INPUT FOR THIS TASK:
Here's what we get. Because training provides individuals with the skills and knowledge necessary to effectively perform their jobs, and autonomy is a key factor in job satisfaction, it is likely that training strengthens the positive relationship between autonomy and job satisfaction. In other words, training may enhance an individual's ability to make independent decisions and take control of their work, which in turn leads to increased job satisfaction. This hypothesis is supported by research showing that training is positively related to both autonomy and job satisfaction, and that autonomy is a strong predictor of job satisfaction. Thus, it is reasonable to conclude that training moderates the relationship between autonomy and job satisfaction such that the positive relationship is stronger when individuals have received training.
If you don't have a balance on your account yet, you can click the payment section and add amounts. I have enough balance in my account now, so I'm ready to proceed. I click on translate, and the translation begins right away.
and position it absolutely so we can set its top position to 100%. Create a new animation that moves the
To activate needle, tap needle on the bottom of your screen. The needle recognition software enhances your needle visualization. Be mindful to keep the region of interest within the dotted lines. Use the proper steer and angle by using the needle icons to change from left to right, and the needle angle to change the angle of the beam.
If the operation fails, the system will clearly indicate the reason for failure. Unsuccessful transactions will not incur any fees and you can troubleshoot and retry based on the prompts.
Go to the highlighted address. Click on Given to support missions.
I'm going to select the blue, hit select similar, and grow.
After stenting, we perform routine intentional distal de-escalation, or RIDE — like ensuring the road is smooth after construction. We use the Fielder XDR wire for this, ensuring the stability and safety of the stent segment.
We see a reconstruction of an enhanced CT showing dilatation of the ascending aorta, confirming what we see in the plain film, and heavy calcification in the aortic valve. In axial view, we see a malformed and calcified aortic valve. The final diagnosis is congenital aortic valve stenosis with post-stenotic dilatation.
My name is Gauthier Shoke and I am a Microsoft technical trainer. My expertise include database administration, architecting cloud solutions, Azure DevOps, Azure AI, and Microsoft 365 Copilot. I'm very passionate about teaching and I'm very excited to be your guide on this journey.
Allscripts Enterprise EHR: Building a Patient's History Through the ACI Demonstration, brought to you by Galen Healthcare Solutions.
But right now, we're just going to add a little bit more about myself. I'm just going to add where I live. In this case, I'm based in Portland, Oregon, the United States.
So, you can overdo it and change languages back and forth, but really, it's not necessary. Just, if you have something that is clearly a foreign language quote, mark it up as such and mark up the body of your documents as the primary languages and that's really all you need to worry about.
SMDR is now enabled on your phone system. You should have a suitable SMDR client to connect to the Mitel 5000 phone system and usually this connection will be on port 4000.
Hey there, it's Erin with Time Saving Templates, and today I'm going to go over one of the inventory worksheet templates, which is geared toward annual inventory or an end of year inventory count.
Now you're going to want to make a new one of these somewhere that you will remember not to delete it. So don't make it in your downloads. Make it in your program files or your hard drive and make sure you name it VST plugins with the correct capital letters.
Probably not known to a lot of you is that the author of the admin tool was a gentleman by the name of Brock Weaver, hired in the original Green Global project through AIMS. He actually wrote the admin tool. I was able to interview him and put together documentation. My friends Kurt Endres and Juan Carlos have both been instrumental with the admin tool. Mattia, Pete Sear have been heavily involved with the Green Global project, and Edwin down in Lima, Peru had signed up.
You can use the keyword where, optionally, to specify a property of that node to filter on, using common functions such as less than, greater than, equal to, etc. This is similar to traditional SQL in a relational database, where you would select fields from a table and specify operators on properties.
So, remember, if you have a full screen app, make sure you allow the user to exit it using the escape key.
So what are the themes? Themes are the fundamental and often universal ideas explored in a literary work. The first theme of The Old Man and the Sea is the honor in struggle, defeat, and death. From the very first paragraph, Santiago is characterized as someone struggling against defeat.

WORK ITEM: The response should reproduce every entry above exactly.

SOLVED PROBLEM:
Here's what we get. Because training provides individuals with the skills and knowledge necessary to effectively perform their jobs, and autonomy is a key factor in job satisfaction, it is likely that training strengthens the positive relationship between autonomy and job satisfaction. In other words, training may enhance an individual's ability to make independent decisions and take control of their work, which in turn leads to increased job satisfaction. This hypothesis is supported by research showing that training is positively related to both autonomy and job satisfaction, and that autonomy is a strong predictor of job satisfaction. Thus, it is reasonable to conclude that training moderates the relationship between autonomy and job satisfaction such that the positive relationship is stronger when individuals have received training.
If you don't have a balance on your account yet, you can click the payment section and add amounts. I have enough balance in my account now, so I'm ready to proceed. I click on translate, and the translation begins right away.
and position it absolutely so we can set its top position to 100%. Create a new animation that moves the
To activate needle, tap needle on the bottom of your screen. The needle recognition software enhances your needle visualization. Be mindful to keep the region of interest within the dotted lines. Use the proper steer and angle by using the needle icons to change from left to right, and the needle angle to change the angle of the beam.
If the operation fails, the system will clearly indicate the reason for failure. Unsuccessful transactions will not incur any fees and you can troubleshoot and retry based on the prompts.
Go to the highlighted address. Click on Given to support missions.
I'm going to select the blue, hit select similar, and grow.
After stenting, we perform routine intentional distal de-escalation, or RIDE — like ensuring the road is smooth after construction. We use the Fielder XDR wire for this, ensuring the stability and safety of the stent segment.
We see a reconstruction of an enhanced CT showing dilatation of the ascending aorta, confirming what we see in the plain film, and heavy calcification in the aortic valve. In axial view, we see a malformed and calcified aortic valve. The final diagnosis is congenital aortic valve stenosis with post-stenotic dilatation.
My name is Gauthier Shoke and I am a Microsoft technical trainer. My expertise include database administration, architecting cloud solutions, Azure DevOps, Azure AI, and Microsoft 365 Copilot. I'm very passionate about teaching and I'm very excited to be your guide on this journey.
Allscripts Enterprise EHR: Building a Patient's History Through the ACI Demonstration, brought to you by Galen Healthcare Solutions.
But right now, we're just going to add a little bit more about myself. I'm just going to add where I live. In this case, I'm based in Portland, Oregon, the United States.
So, you can overdo it and change languages back and forth, but really, it's not necessary. Just, if you have something that is clearly a foreign language quote, mark it up as such and mark up the body of your documents as the primary languages and that's really all you need to worry about.
SMDR is now enabled on your phone system. You should have a suitable SMDR client to connect to the Mitel 5000 phone system and usually this connection will be on port 4000.
Hey there, it's Erin with Time Saving Templates, and today I'm going to go over one of the inventory worksheet templates, which is geared toward annual inventory or an end of year inventory count.
Now you're going to want to make a new one of these somewhere that you will remember not to delete it. So don't make it in your downloads. Make it in your program files or your hard drive and make sure you name it VST plugins with the correct capital letters.
Probably not known to a lot of you is that the author of the admin tool was a gentleman by the name of Brock Weaver, hired in the original Green Global project through AIMS. He actually wrote the admin tool. I was able to interview him and put together documentation. My friends Kurt Endres and Juan Carlos have both been instrumental with the admin tool. Mattia, Pete Sear have been heavily involved with the Green Global project, and Edwin down in Lima, Peru had signed up.
You can use the keyword where, optionally, to specify a property of that node to filter on, using common functions such as less than, greater than, equal to, etc. This is similar to traditional SQL in a relational database, where you would select fields from a table and specify operators on properties.
So, remember, if you have a full screen app, make sure you allow the user to exit it using the escape key.
So what are the themes? Themes are the fundamental and often universal ideas explored in a literary work. The first theme of The Old Man and the Sea is the honor in struggle, defeat, and death. From the very first paragraph, Santiago is characterized as someone struggling against defeat.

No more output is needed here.